Der Aufstieg die hölzernen Treppen hinauf ist beschwerlich, da wir durch die Masken nicht gerade gut atmen können. Ich trage zusätzlich meinen eher schweren Reiserucksack und bin bemüht, nicht nach hinten hinunterzupurzeln. Oben angekommen staunen wir über die Aussicht und gehen dann aus Versehen in falscher Gehrichtung den Rundgang entlang. Keiner pöbelt uns an, bis wir unseren Irrtum bemerken. Nun ist es aber auch schon zu spät. Ich möchte gerne ein Foto von hier oben machen, mit Blick auf die Frauenkirche und das Rathaus. Aber traue ich mich? Wenn mir hier oben mein Smartphone herunterfällt, ärgere ich mich zu Tode. Ich wage es trotzdem, das Handy stählern umklammernd, und das Projekt gelingt. „Der größte Kick des Tages“, sage ich zu M. und ein Herr neben uns lacht laut. Ein lautes Piepsen wie von einer Alarmanlage weist uns auf das Ende unserer Besuchszeit hin. Wir steigen wieder hinunter. Runter ist wesentlich leichter als hoch.
Und nun?
Wir fahren zum Königsplatz, wo wir die Alte Pinakothek besichtigen wollen. Leider endet ab hier unsere Glückssträhne. Die Tickets sind restlos ausgebucht. Uns war nicht klar, wie begehrt die Plätze sind. Für heute leider Pech gehabt, doch das macht uns nicht viel aus. M. muss sich nun sowieso bald verabschieden. Sie muss noch mit dem Hotel telefonieren und derartige Dinge. Schön war es! Der Abschied fällt nicht schwer, weil ich sie mit etwas Glück (negativer Schnelltest selbstverständlich erforderlich für größere Feiern) in wenigen Tagen wiedersehen werde. Gerade fühle ich mich jedenfalls nicht krank.
M. empfiehlt mir für meine verbleibende Zeit das Parkcafé im Alten Botanischen Garten, den ich schnell erreicht habe. Ich drehe eine Runde durch die vom Regen feuchtschwere Grünfläche und suche mir dann ein Plätzchen im Café, gleich neben einer kleinen Buchecke.
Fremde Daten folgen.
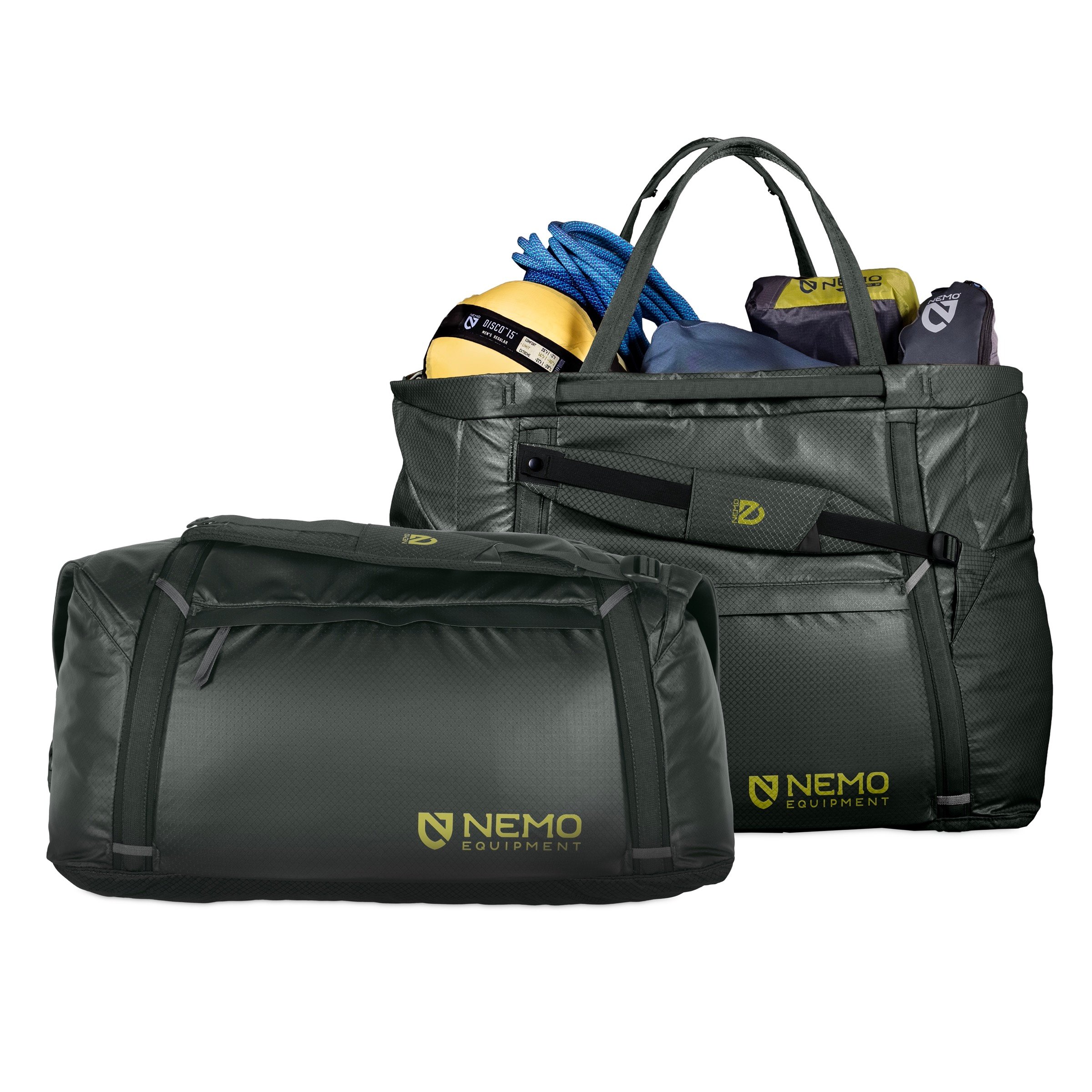 Double Haul™ 100L Convertible Duffel & Tote - View 2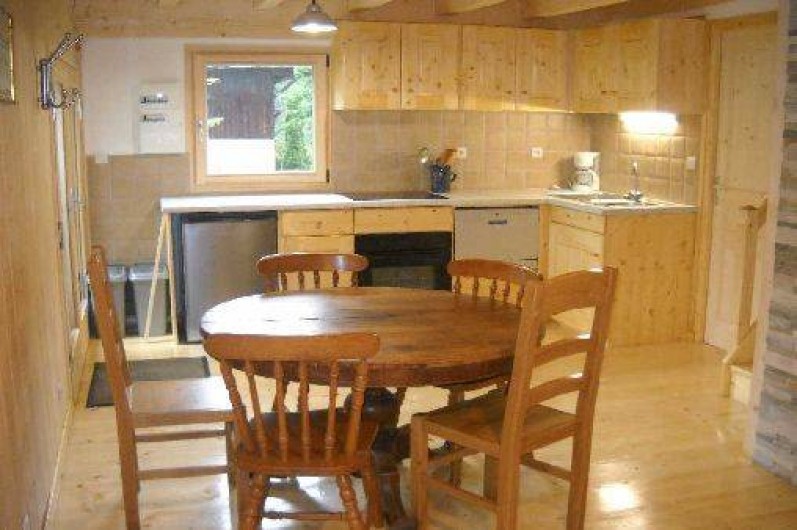 Location de vacances - Chalet à Mont-Saxonnex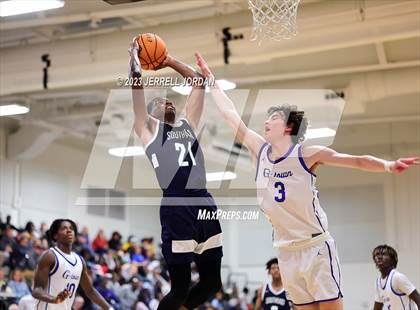 Thumbnail 1 in Southeast Raleigh vs Garner (Greater Neuse River 4A Conference Tournament) photogallery.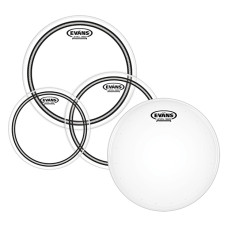 EPP-EC2SHDD-R EC2S Clear Rock Набор пластиков для малого и том барабана (10, 12, 16") + 14", Evans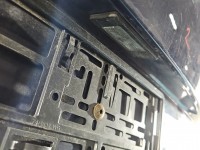 Klapa tył Skoda Fabia III kombi 5d Lf5a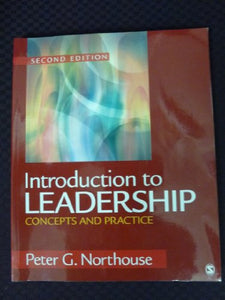 Introduction to Leadership 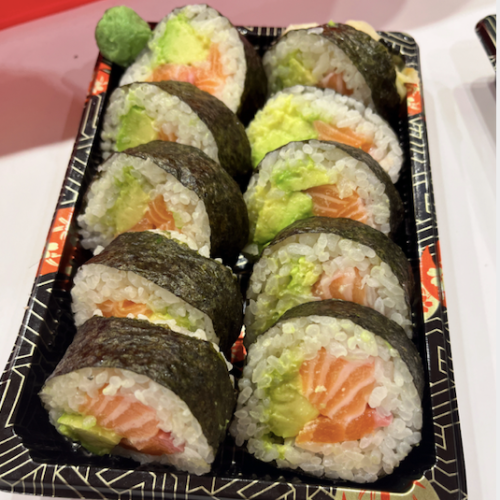 Salmon Sushi Roll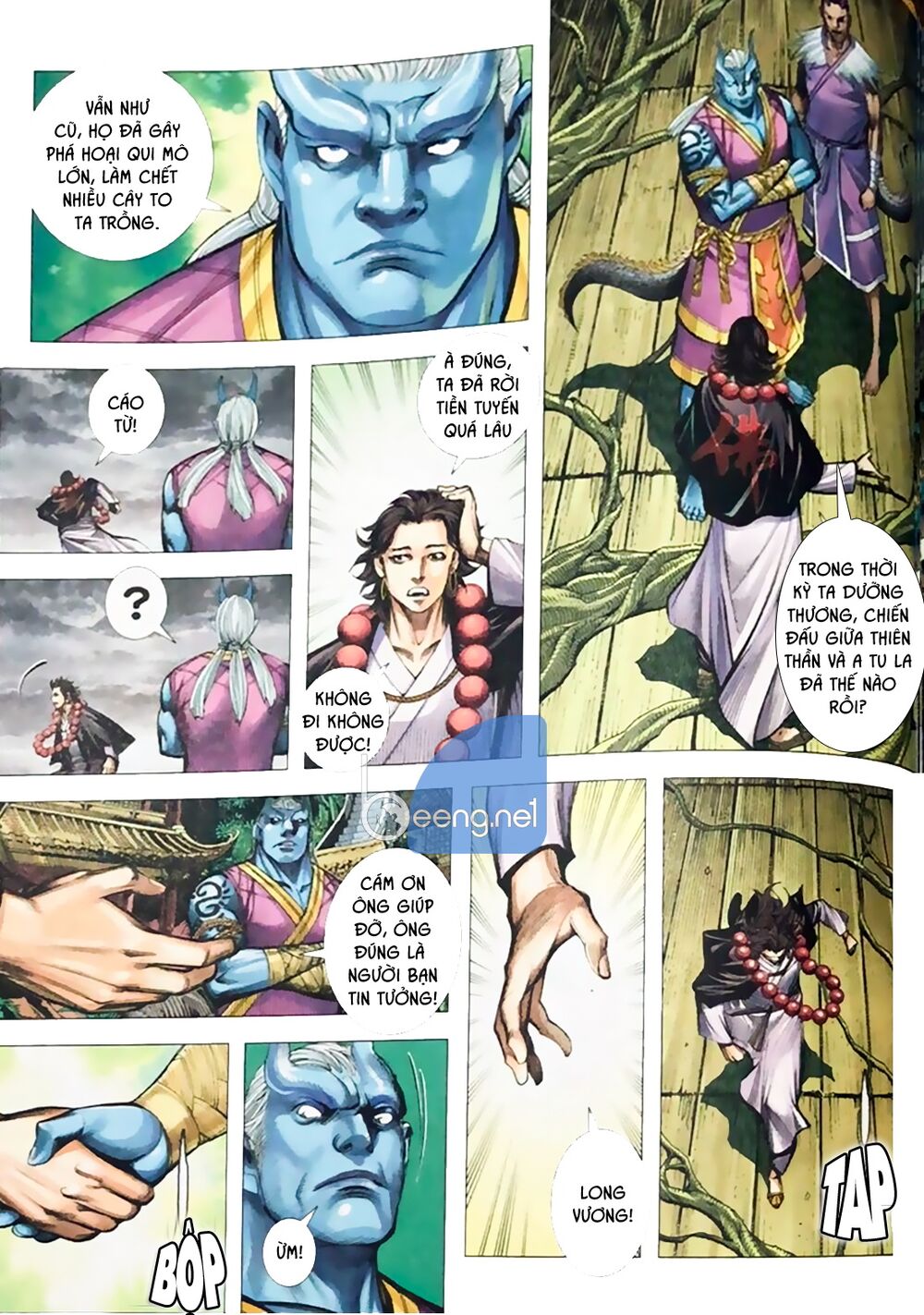 A Tu La - Tây Du ngoại truyện: Chapter 23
Die Titel klingen eigentlich ganz gut. Ich bestelle mir die Detox-Gurke, ein kühles Getränk mit Gurke, frischem Ingwer, Zitrone und vielen kalten Eiswürfeln, die ich glücklich mit den Zähnen zerbeiße. Dabei knirscht es immer so schön. Außerdem ist es Zeit für einen Snack, bevor ich vier Stunden mit dem Zug zurück nach Kassel fahre. Ich wähle Süßkartoffelpommes mit Grana Padano und Trüffelmayonnaise, alles sogar vegan. Das Café ist gemütlich, ein echter Tipp, wenn man längere Zeit auf einen Zug zu warten hat. Von hier sind es nur acht Minuten zu Fuß zum Hauptbahnhof. Über meiner Detox-Gurke schreibe ich eine Karte für die Hochzeit von M. Jetzt ist der beste Zeitpunkt, oder? Ich freue mich für die beiden. Zu zweit ist man weniger allein. Aber allein hier im Café ist netter als erwartet. Wie schnell die Zeit verfliegt. Ich zahle und mache mich auf zu den Gleisen. Die vielen Menschen auf den Straßen nerven mich. Ein Mädchen tippt mich plötzlich von hinten an und hält mir einen leeren Briefumschlag hin. Ob ich den verloren habe. Ich sehe mir den weißen Umschlag an und verneine. Sie lächelt freundlich, zuckt mit den Schultern, lässt den Umschlag fallen und geht weiter. Ich auch.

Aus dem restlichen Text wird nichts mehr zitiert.